Her hands were agony, on fire, but she welcomed the pain. It helped her focus and distracted her from thoughts of Hugh.
‘Tess, this has gone on long enough.’ Vanessa was carefully kind, carefully patient. ‘I really think it’s time you saw a doctor. Whatever you saw just now, it wasn’t a ghost. Maybe there was a little boy there, but he ran off when you stared at him like that. I don’t blame him! I was totally freaked out.’
There was no point in arguing with her. ‘Yes, that must have been it,’ said Tess dully.
‘I know, why don’t you and Oscar come back with me and the kids, and I’ll make us all some lunch? Nick said you needed to eat something. Then you can make an appointment with your GP. I’ll drop you off if you like, and take the kids swimming – or maybe y
ou’d like your mum to go with you?’
‘I don’t need to see a doctor, Vanessa. Please don’t mention this to Mum.’
‘Tess, you must see that we’re concerned!’ Vanessa shook her head worriedly. ‘I hate to see you like this.’
Tess lifted her head. ‘Like what?’
‘You know like what. Passing out, claiming to have babies who don’t exist, little boys nobody else can see . . .’ She laid a soothing hand on Tess’s shoulder. ‘I just think the strain of moving into that flat on your own has got too much for you. There’s no shame in admitting you need some help.’
‘I’m not having a breakdown!’ Tess shook off Vanessa’s hand angrily and Vanessa clicked her tongue.
‘You’re not yourself, Tess. You must see that.’
Rubbing her temples, Tess made herself take a steadying breath. ‘I know how it looks, Van, but I promise you, going to see a doctor isn’t going to help.’
‘But you can’t just ignore these episodes!’ Vanessa protested.
‘I’m not ignoring them.’ Oh, God, why hadn’t she kept her mouth shut? She should never have told Vanessa about the baby that day, but her misery had been so overwhelming that she hadn’t been thinking clearly. And now, with Hugh dying . . . grief struck her anew, a blow to the heart that would have had her buckling if she hadn’t been sitting down. She wanted to lie down, to curl on the grass and howl and howl.

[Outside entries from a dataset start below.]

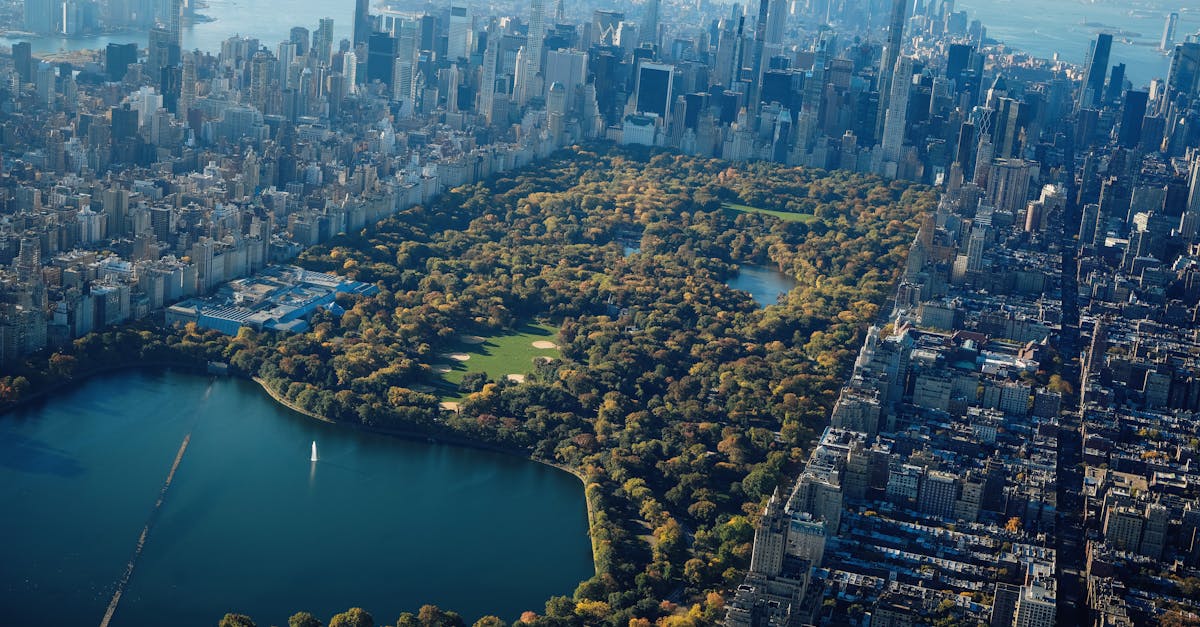 The Integration of Beneficial Insects in Termite Management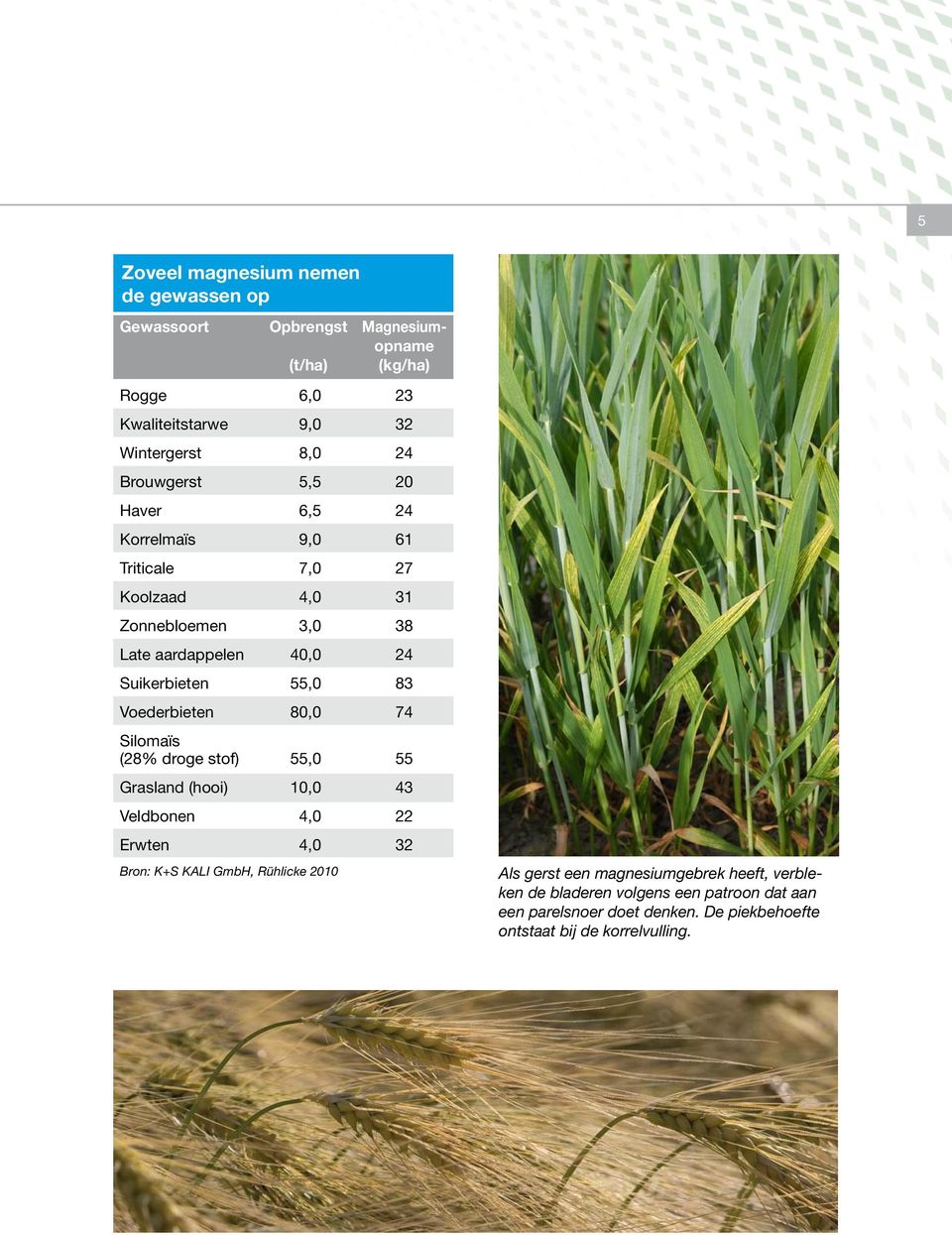 Voederbieten 80,0 74 Silomaïs (28% droge stof) 55,0 55 Grasland (hooi) 10,0 43 Veldbonen 4,0 22 Erwten 4,0 32 Bron: K+S KALI GmbH, Rühlicke 2010 Als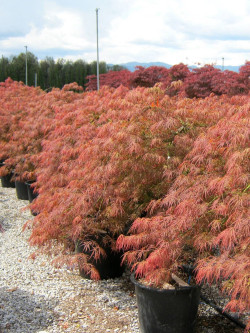 ACER palmatum DISSECTUM GARNET En pot de 35-50 litres
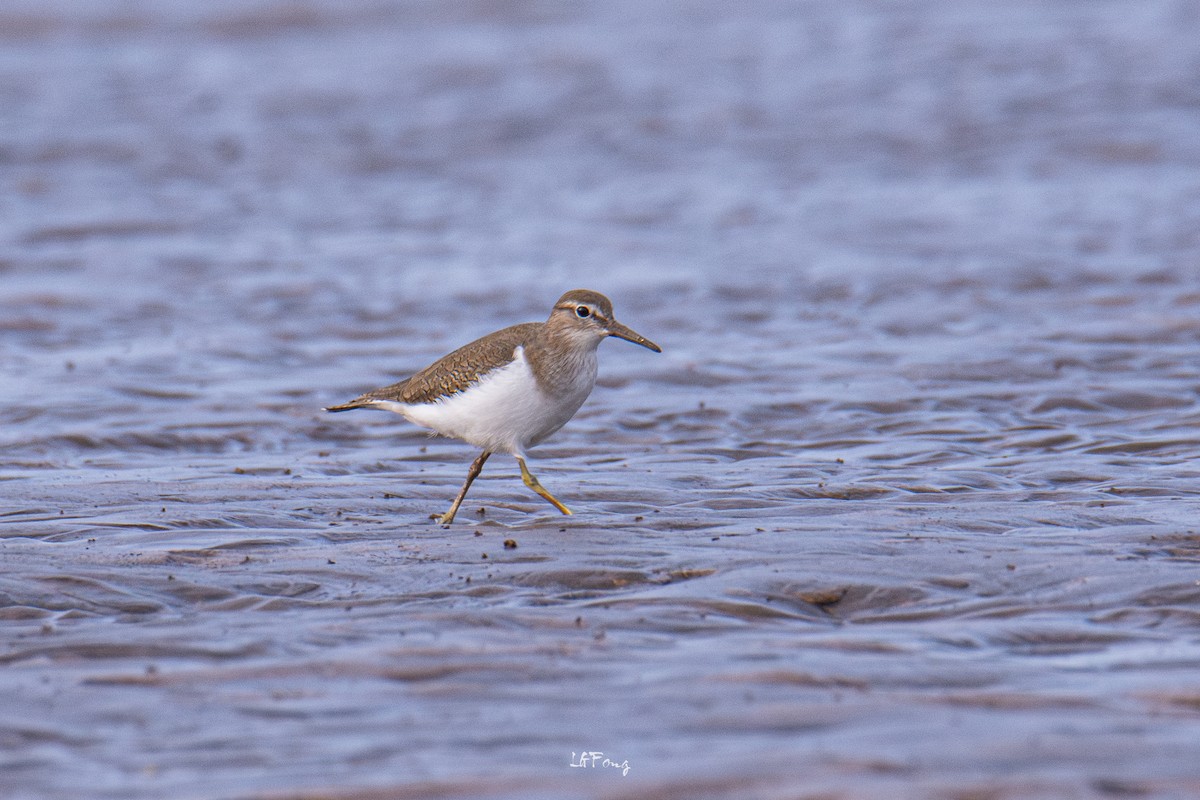 磯鷸 - ML646397349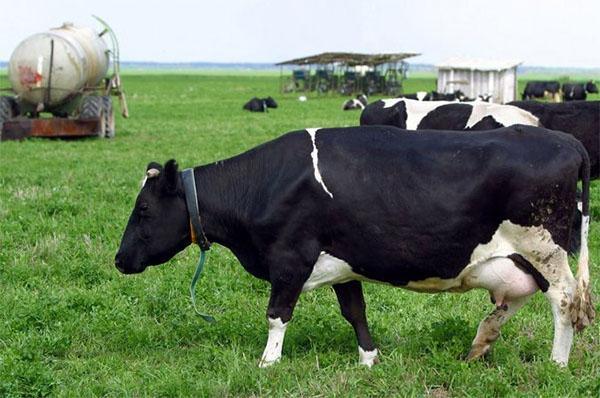 Raza de vacas en blanco y negro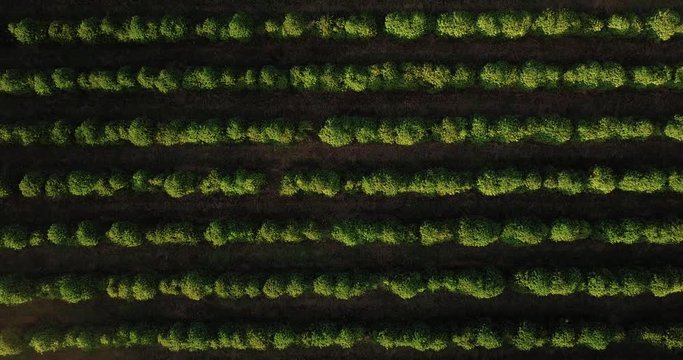 Top view of a beautiful coffee plantation in Sao Paulo state Brazil. Slightly Zoom out.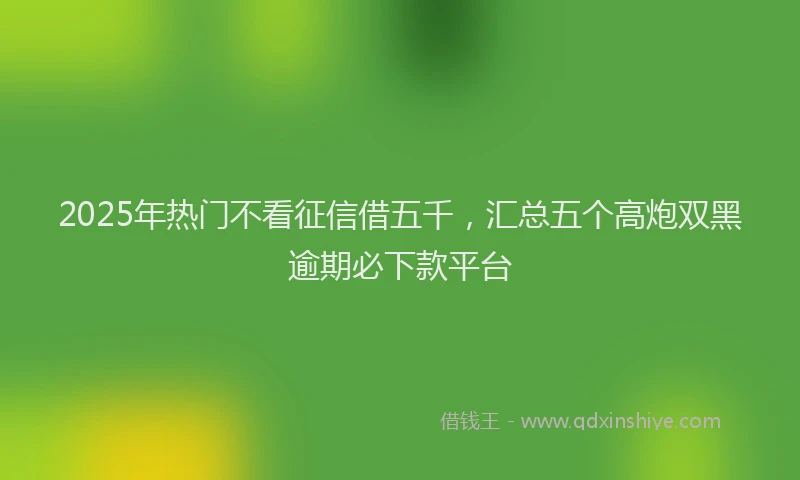 2025年热门不看征信借五千，汇总五个高炮双黑逾期必下款平台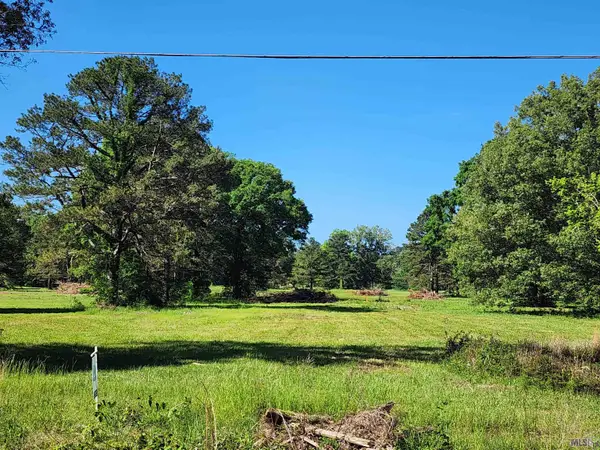 tbd La Hwy 956, Ethel, LA 70730
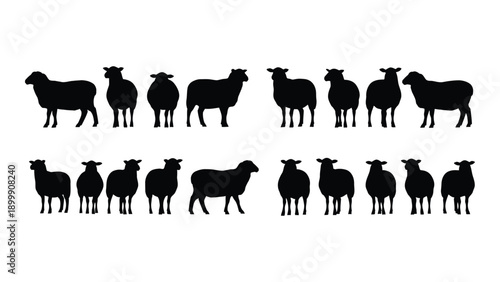 A diverse collection of sheep silhouettes in various poses and orientations Vector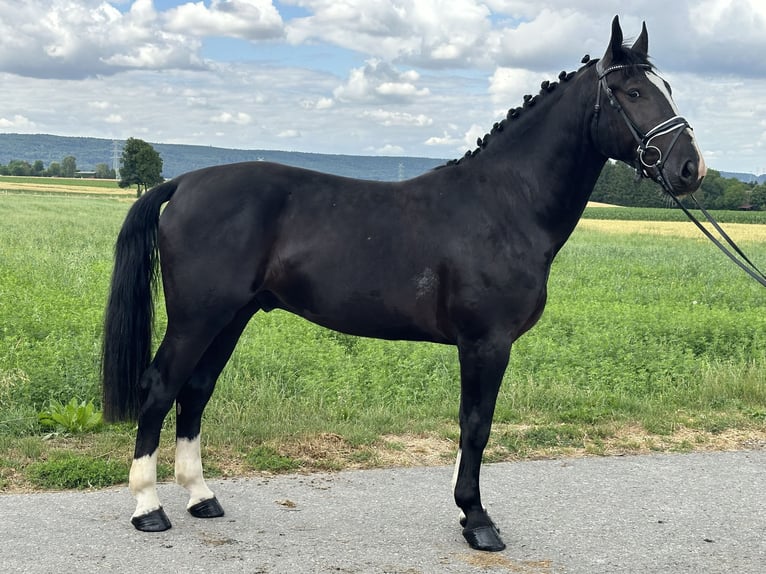 Schweres Warmblut Wallach 3 Jahre 165 cm Rappe in Riedlingen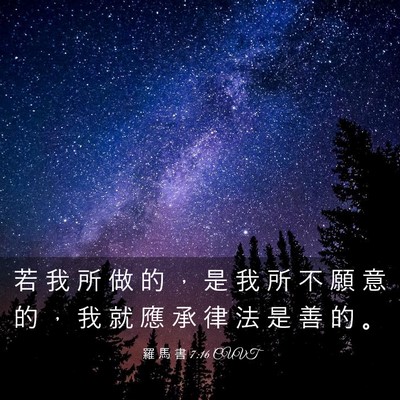 Picture 03 - 羅 馬 書 7:16 CUVT - 若 我 所 做 的 ， 是 我 所 不 願 意 - Bible Verse Picture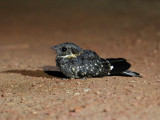 Band-winged Nightjar
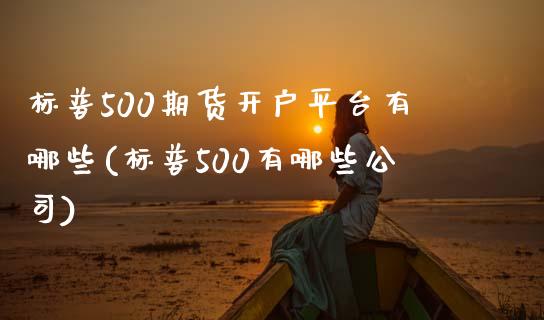 标普500期货开户平台有哪些(标普500有哪些公司)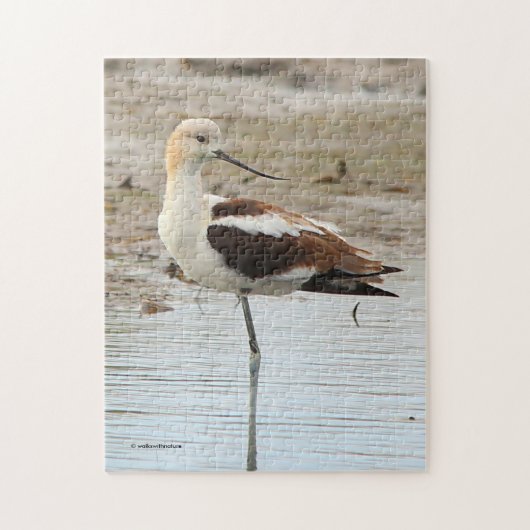 Atemberaubender American Avocet Wading Bird am Str Puzzle (Vertikal)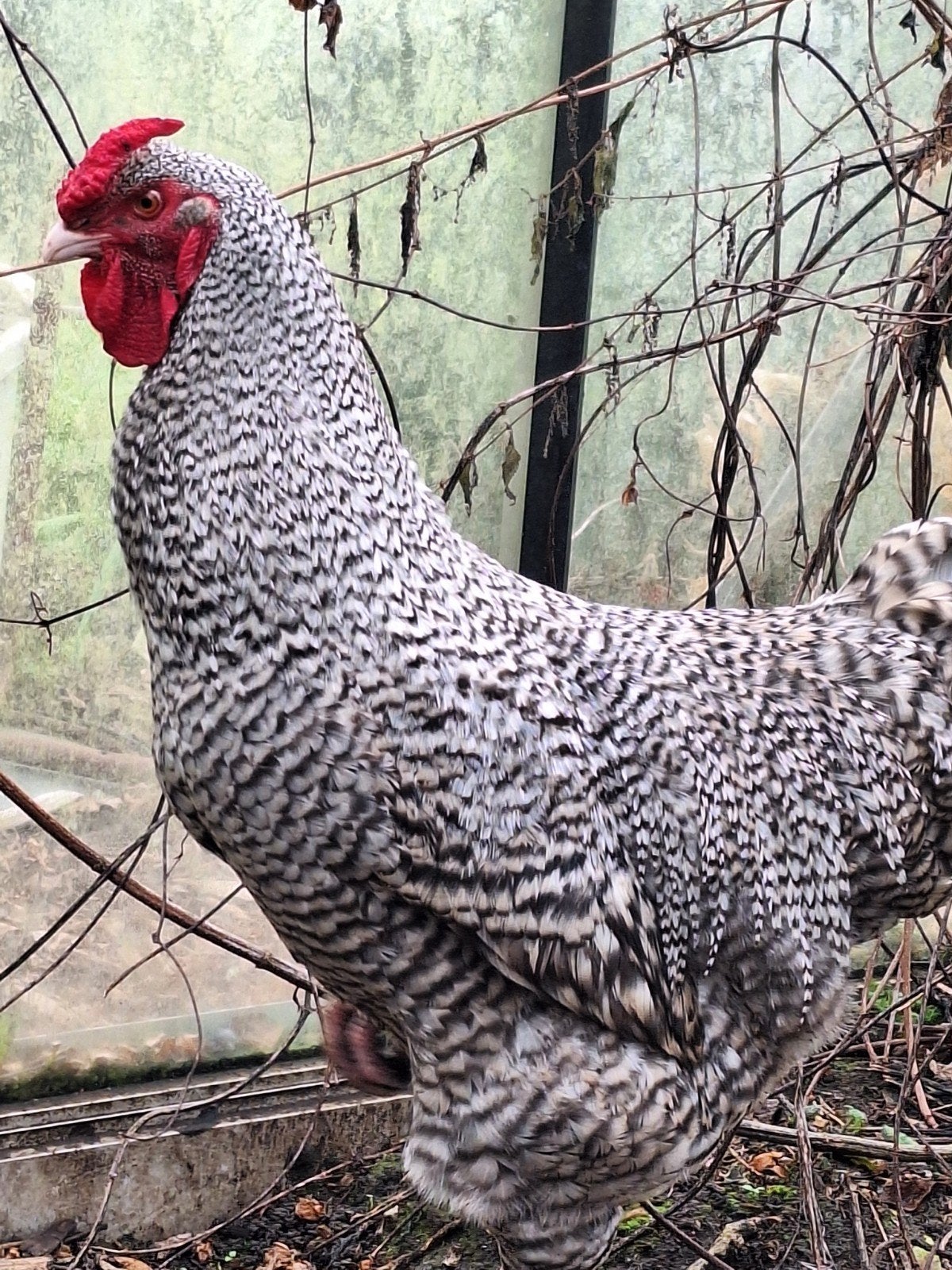 Izegemse koekoek haan, Dieren en Toebehoren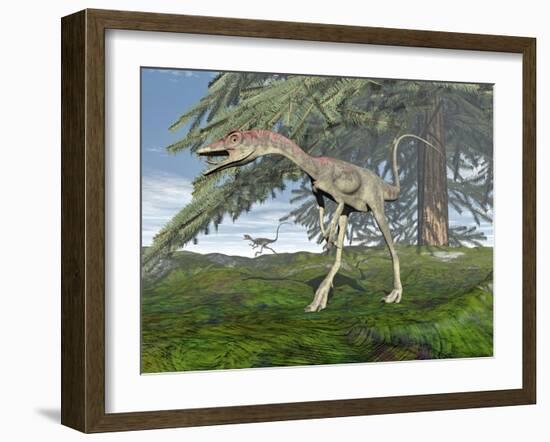 Compsognathus Dinosaur under Fir Tree-null-Framed Art Print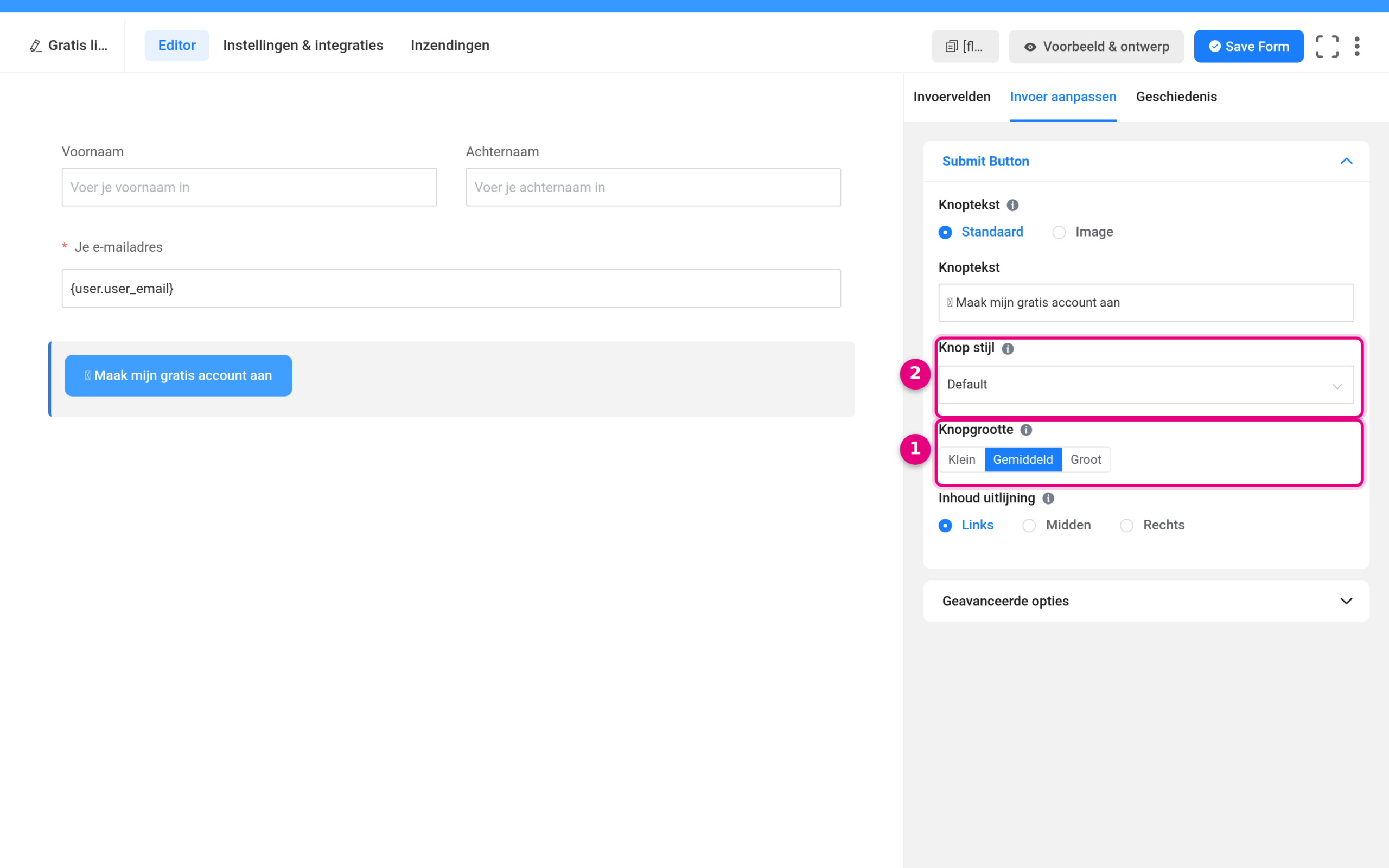 The Customise input panel with Button style and Button size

Nell hadn’t been able to do that. Nell had had to carry on, and she would too. The thought made Tess straighten. With an effort, she pushed her hair back from her face and forced herself to concentrate. Vanessa would keep badgering her, on and on, unless she said that she was doing something. ‘As it happens, I’ve been to see a therapist, but I’d rather you didn’t tell Mum that.’
Vanessa was instantly suspicious. ‘What kind of therapist?’
‘One who specializes in regression.’ She didn’t want to lie outright. ‘That’s what I was doing when I went to Lincoln with Luke.’